* Source material:
━━━━━━━━

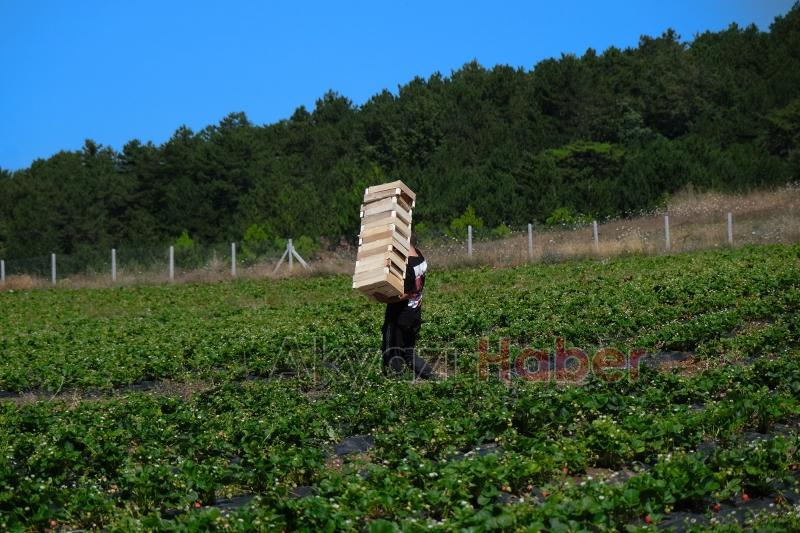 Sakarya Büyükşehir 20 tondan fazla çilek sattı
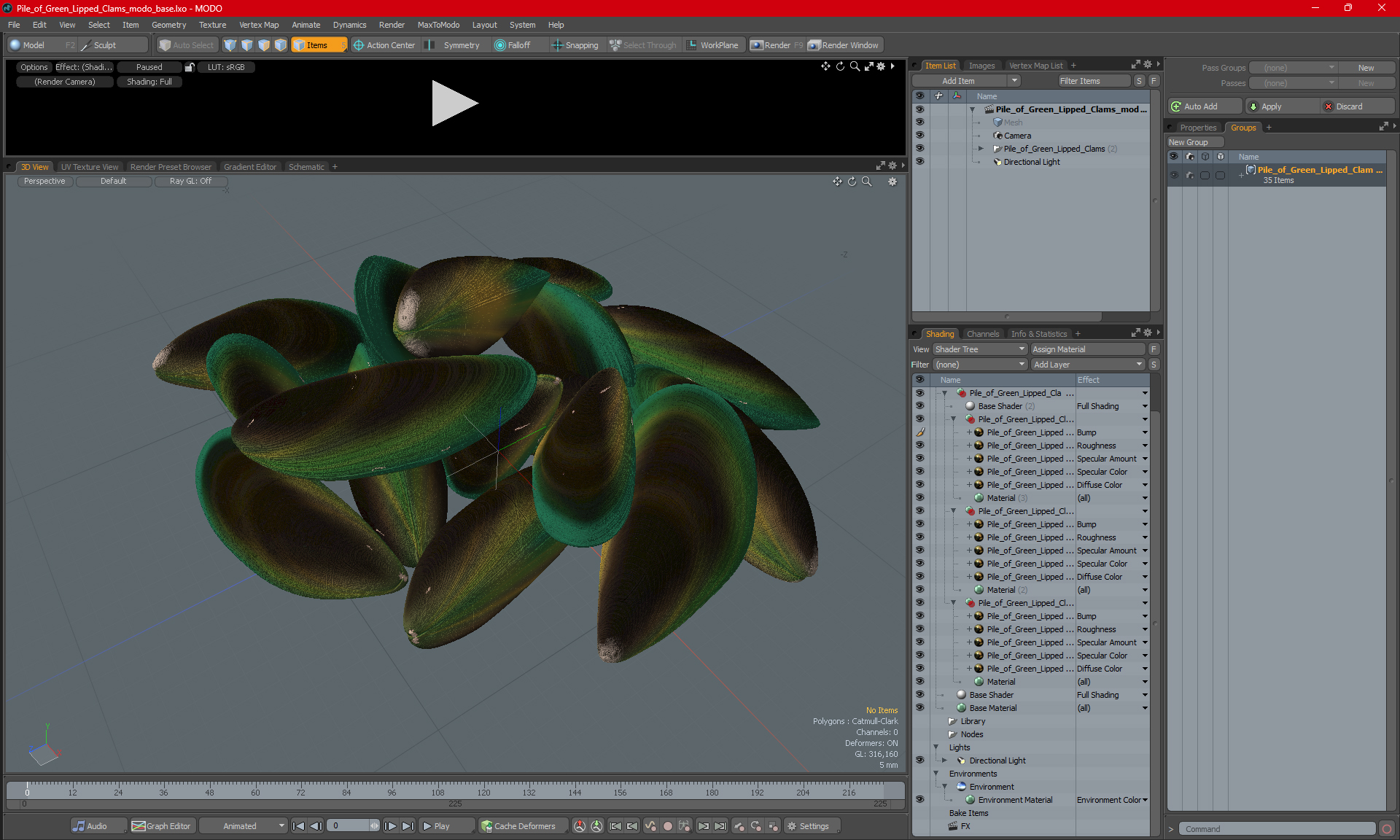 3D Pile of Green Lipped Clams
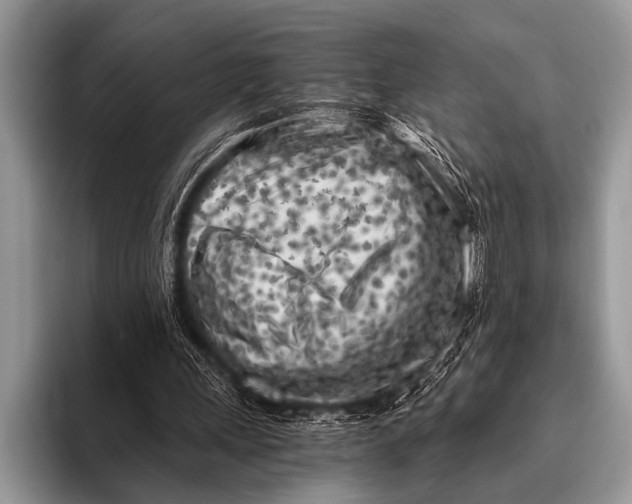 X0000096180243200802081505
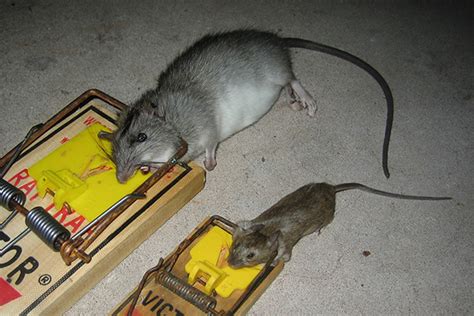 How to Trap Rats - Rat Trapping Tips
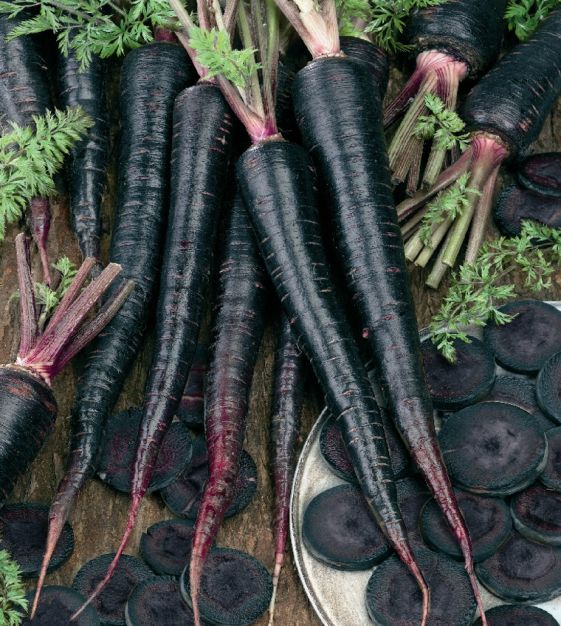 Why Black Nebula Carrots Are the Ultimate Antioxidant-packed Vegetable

━━━━━━━━

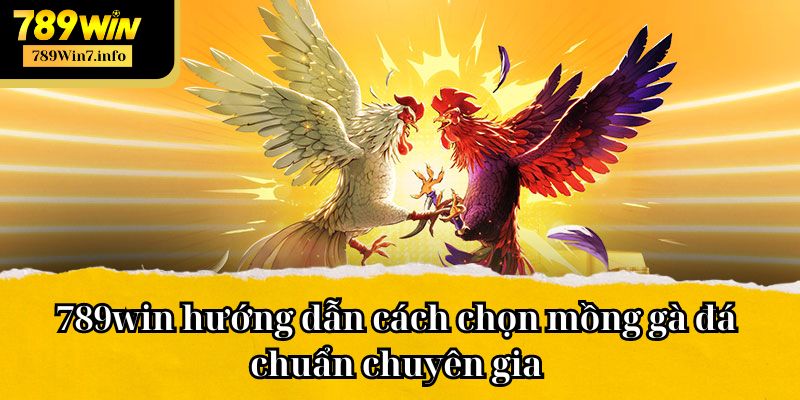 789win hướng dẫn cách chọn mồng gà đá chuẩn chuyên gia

━━━━━━━━

* Action item: In the entries above, which lines run from the one with "X0000096180243200802081505" up to and including the one with "Why Black Nebula"? Write them out exactly, without the pictures.

* Response to the exercise:
 X0000096180243200802081505
 How to Trap Rats - Rat Trapping Tips
 Why Black Nebula Carrots Are the Ultimate Antioxidant-packed Vegetable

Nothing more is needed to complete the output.